Provide an exact copy of the data, excluding the images.

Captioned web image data
━━━━

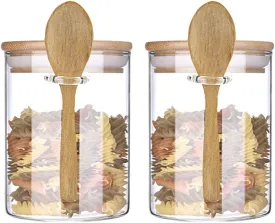 Glass Jar Containers with Bamboo Airtight Lid Wooden Spoon Scoop Food Storage Canister Clear Glass Containers Kitchen Organization Jars 2 Pcs 18.5 OZ
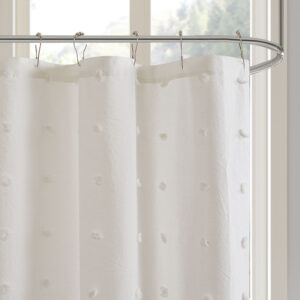 Brooklyn Cotton Jacquard Pom Pom Shower Curtain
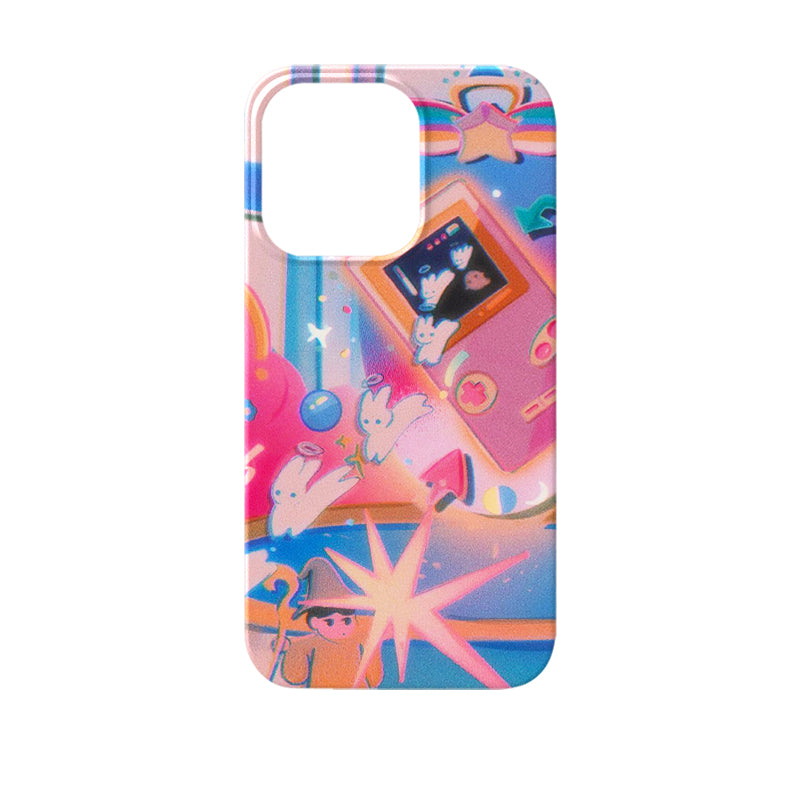 Y2K Aesthetic iPhone 16/15/14/13/12 Max Pro Max Case - Shockproof Glass Cover with Retro Vaporwave Design
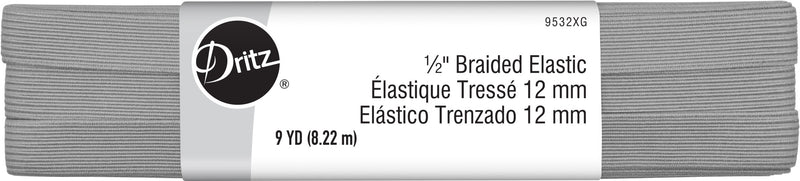 Cargue la imagen en el visor de la galería, 9532XG|Dritz 1/2" Gray Braided Elastic, 9 yd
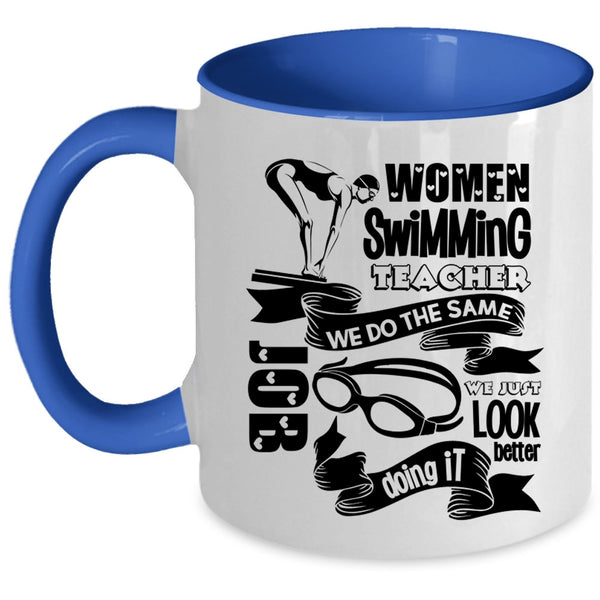 Cute Gift For Swimming Teacher Coffee Mug, Women Swimming Teacher Accent Mug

━━━━

§ **Answer**
 Glass Jar Containers with Bamboo Airtight Lid Wooden Spoon Scoop Food Storage Canister Clear Glass Containers Kitchen Organization Jars 2 Pcs 18.5 OZ
 Brooklyn Cotton Jacquard Pom Pom Shower Curtain
 Y2K Aesthetic iPhone 16/15/14/13/12 Max Pro Max Case - Shockproof Glass Cover with Retro Vaporwave Design
 Cargue la imagen en el visor de la galería, 9532XG|Dritz 1/2" Gray Braided Elastic, 9 yd
 Cute Gift For Swimming Teacher Coffee Mug, Women Swimming Teacher Accent Mug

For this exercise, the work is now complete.